▶ **Task to complete**
As the answer, return precisely the lines from the one containing "12 Quiet Moments" to the final line of the material below, inclusive, and omit every picture.

▶ **Source data**
▼

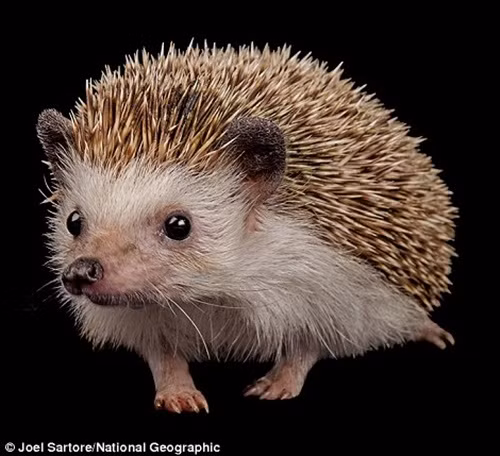 Theo Joel Sartore, thách thức lớn nhất khi chụp những bức ảnh chân dung động vật hoang dã là chúng hiếm khi ngồi yên để Joel tác nghiệp. Chính vì vậy, ông phải thật kiên nhẫn và làm việc cường độ cao để có thể bắt được những khoảnh khắc đẹp nhất, ấn tượng nhất về chúng. (Theo Dailymail)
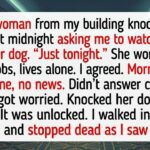 12 Quiet Moments Showing Kindness Changing Lives Without Attention Or Recognition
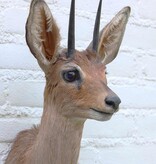 Opgezette KOP STEENBOKJE DWERGANTILOPE
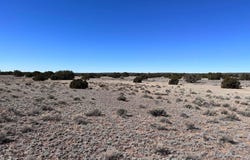 004p N N7204, St. Johns, AZ 85936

▲

▶ **Response to the exercise**
 12 Quiet Moments Showing Kindness Changing Lives Without Attention Or Recognition
 Opgezette KOP STEENBOKJE DWERGANTILOPE
 004p N N7204, St. Johns, AZ 85936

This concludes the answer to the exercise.